Will it make people think deeply and critically about the world they live in? The reality White and Amini present in their movie is one in which the British state apparatus is essentially healthy. In the movie—and book––Dima repeatedly booms out: “You English gentlemen! Please! You are fair play, you have land of law! You are pure! I trust you. You will trust Dima also!” Of course, events apparently contradict him, but that is because of the actions of a few “traitors,” rotten apples, who need to be cleared out.
For all intents and purposes, Moscow is the font of global dirty dealing and violence. There is nothing here that conflicts with the crude anti-Russian propaganda of the media that forms part of the escalating military provocations of the US-UK political establishment.
In general, there is little in the movie or book that flows against the stream. Both White-Amini and le Carré take for granted that which most needs to be criticized: the geopolitical situation as viewed from London and Washington, the framework of the “war on terror,” the presentation of Russia as a dangerous aggressor, etc.
In contrast to some of le Carré’s early works, The Spy Who Came in From the Cold and others, which took upon themselves disabusing the public of some of the myths of the Cold War, Our Kind of Traitor challenges no important element of contemporary official public opinion.
Swindling and money laundering and fortunes made from financial fraud were not invented by Russians. In any event, these are not errant practices that occur due to the lack of government oversight or the buying-off of government officials, but reflect an objective stage in the decay and decline of capitalism. The scandal unleashed by the recent exposure of the “Panama Papers” demonstrates that rampant criminality is at the heart of today’s global profit system.

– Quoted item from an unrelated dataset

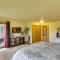 Bigfork Condo with Hot Tub Access, By Lake! - 比格福克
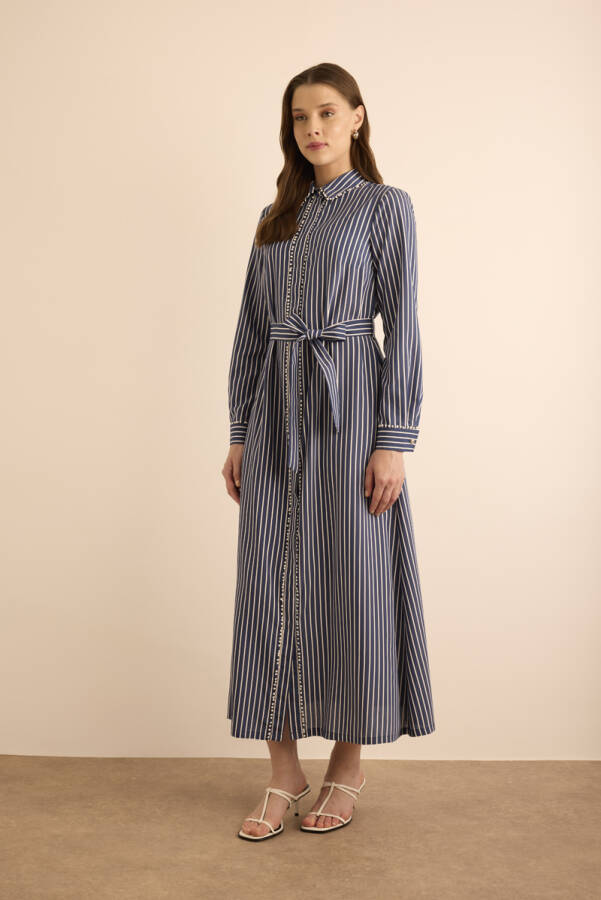 Lacivert Aksesuar Detaylı Elbise - 3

The distorted, conformist view of things, the acceptance of far too many chunks of British and US foreign policy, render the filmmakers incapable of establishing a serious dramatic foundation. The fundamental laziness passes on into the story-telling. White and Amini fail to make credible, for example, how a mild-mannered academic could transform himself so easily into a secret agent with killing skills.
Our Kind of Traitor tends to offer diversions to draw attention away from a predictable and sometime implausible script: Skarsgard’s charismatic performance blankets the movie; the twin girls, orphaned by the assassinations of their parents and sister in the film’s first sequence, are irresistible; moody cinematography and various exotic locales are further attractions.
In the end, the picture in Our Kind of Traitor of Russian gangsters infiltrating the hallowed chambers of the British political and banking system is the world turned upside down. White and company are criticizing the ethics of a European elite that in a globalized environment is allowing the barbarians to overrun civilization. A more clear-sighted and objective approach might be: the American and European ruling elites are throwing their weight around more than ever and fomenting bloodbaths all over the planet.